Items from a data source:
<<<<

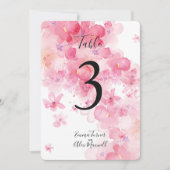 Romantische rosa Blumen | Tischnummernkarten Einladung (Vorderseite)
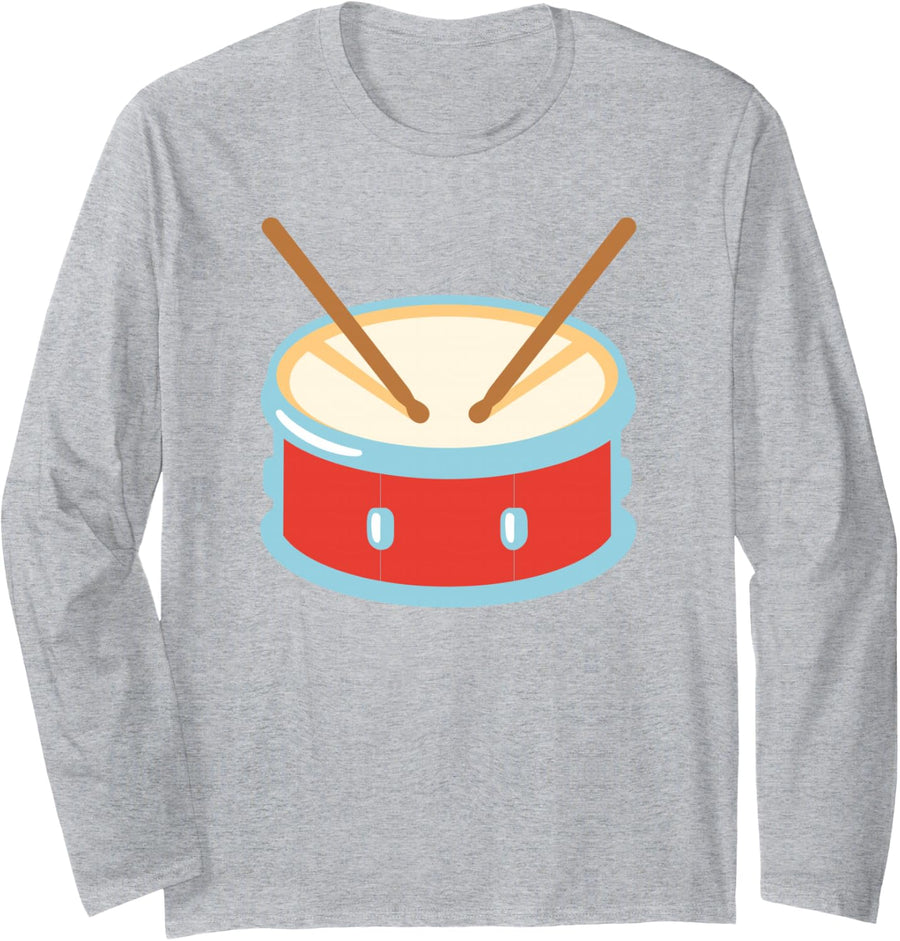 Drum with Drumsticks Costume Long Sleeve T-Shirt - Adult Unisex Heather Grey
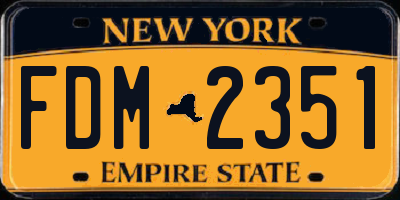 NY license plate FDM2351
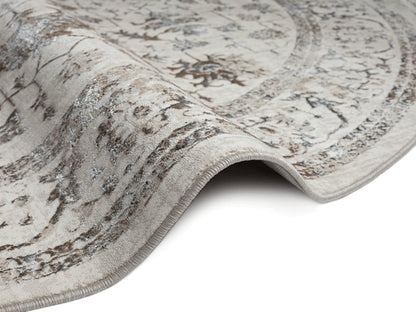 Mila Moderner Kurzflor Teppich mit Hoch-Tief Effekt – Creme Rund 200 cm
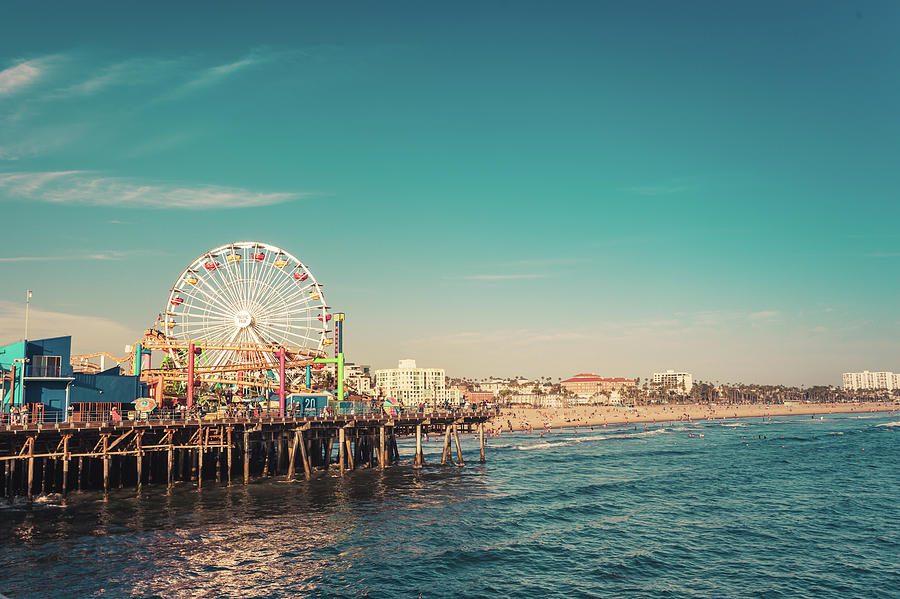 Sunset Photograph - Santa Monica ferris wheel amusement park in sunset  by Natalia Macheda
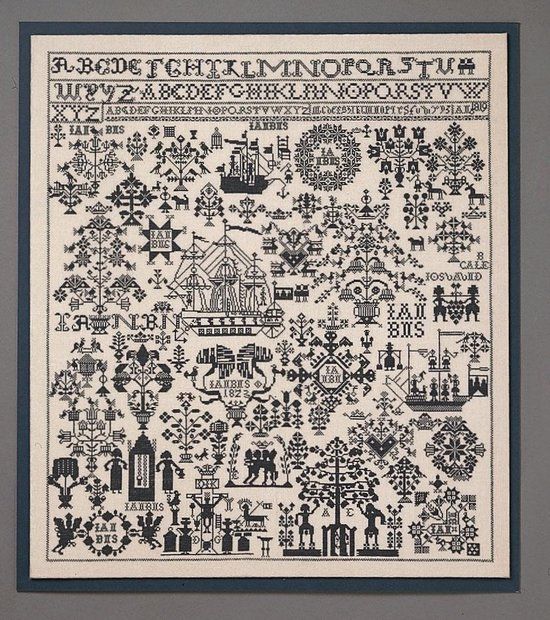 Permin of Copenhagen Borduurpakket blauwe merklap HH21249 - Borduren - Katoen - Volwassenen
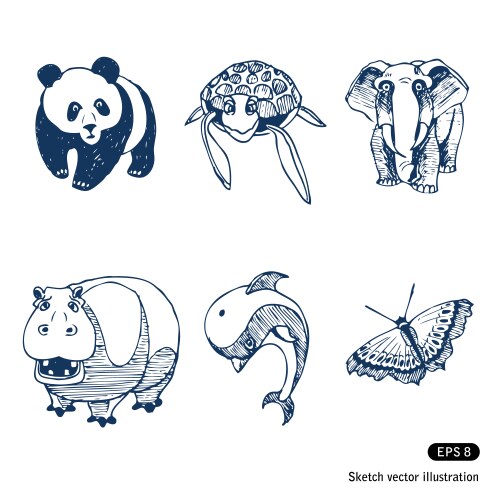 Jungle animals hand draw Royalty Free Vector Image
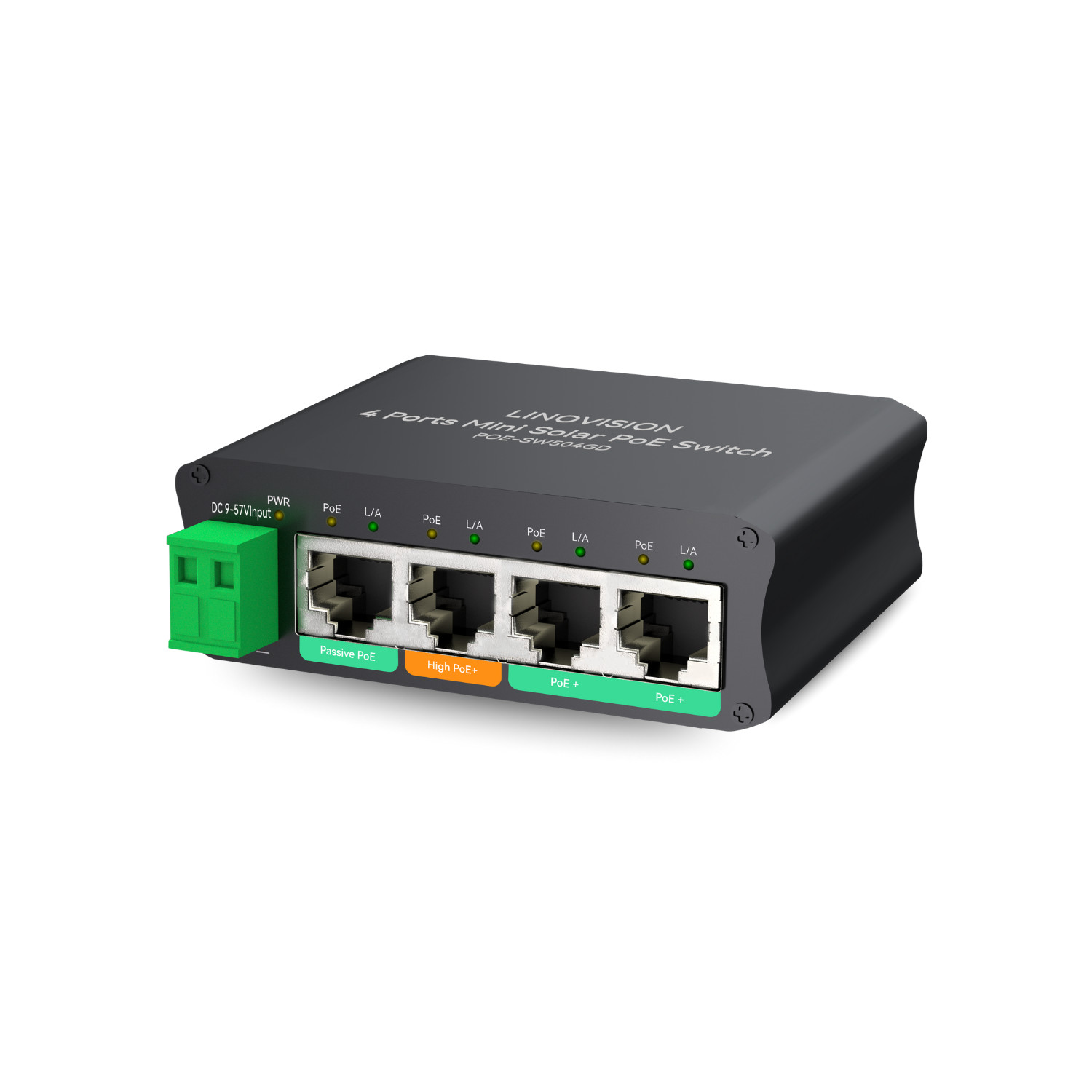 4 Ports Mini Solar PoE Switch Optimized for Big PTZ Camera and Wireless Bridges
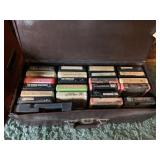 VTG 8-TRACK TAPES W/ BROWN CARRYING CASE, VARIOUS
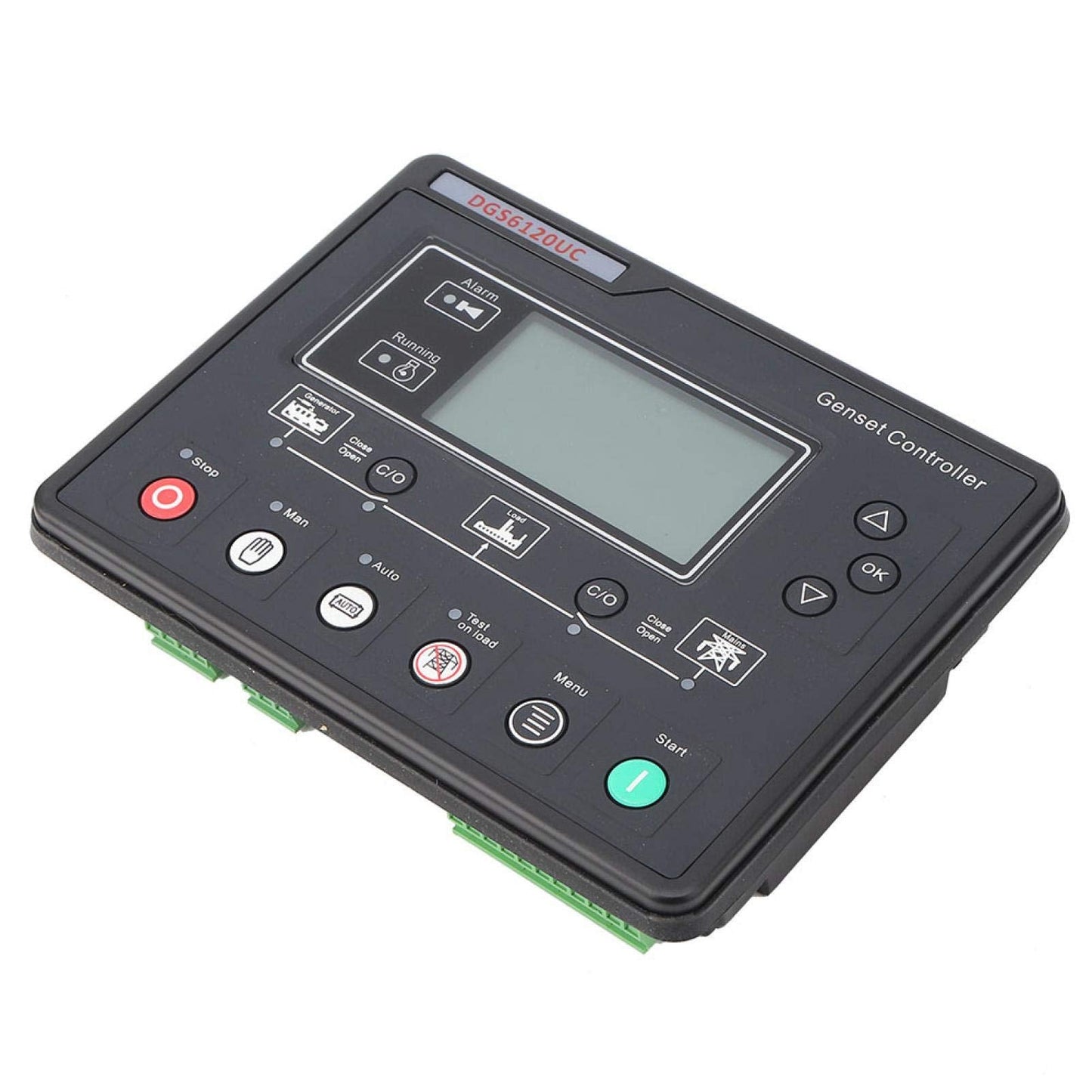Oumefar Genset Controller Module, DGS6120UC LCD Display Generator Automatic Controller Generator Set Parameters Monitoring Control Panel Automatic Engine Control Module for HGM6120UC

>>>>

» **YOUR TASK**
Repeat every line above exactly, but omit all images.

» **RESPONSE AREA**
 Romantische rosa Blumen | Tischnummernkarten Einladung (Vorderseite)
 Drum with Drumsticks Costume Long Sleeve T-Shirt - Adult Unisex Heather Grey
 NY license plate FDM2351
 Mila Moderner Kurzflor Teppich mit Hoch-Tief Effekt – Creme Rund 200 cm
 Sunset Photograph - Santa Monica ferris wheel amusement park in sunset  by Natalia Macheda
 Permin of Copenhagen Borduurpakket blauwe merklap HH21249 - Borduren - Katoen - Volwassenen
 Jungle animals hand draw Royalty Free Vector Image
 4 Ports Mini Solar PoE Switch Optimized for Big PTZ Camera and Wireless Bridges
 VTG 8-TRACK TAPES W/ BROWN CARRYING CASE, VARIOUS
Oumefar Genset Controller Module, DGS6120UC LCD Display Generator Automatic Controller Generator Set Parameters Monitoring Control Panel Automatic Engine Control Module for HGM6120UC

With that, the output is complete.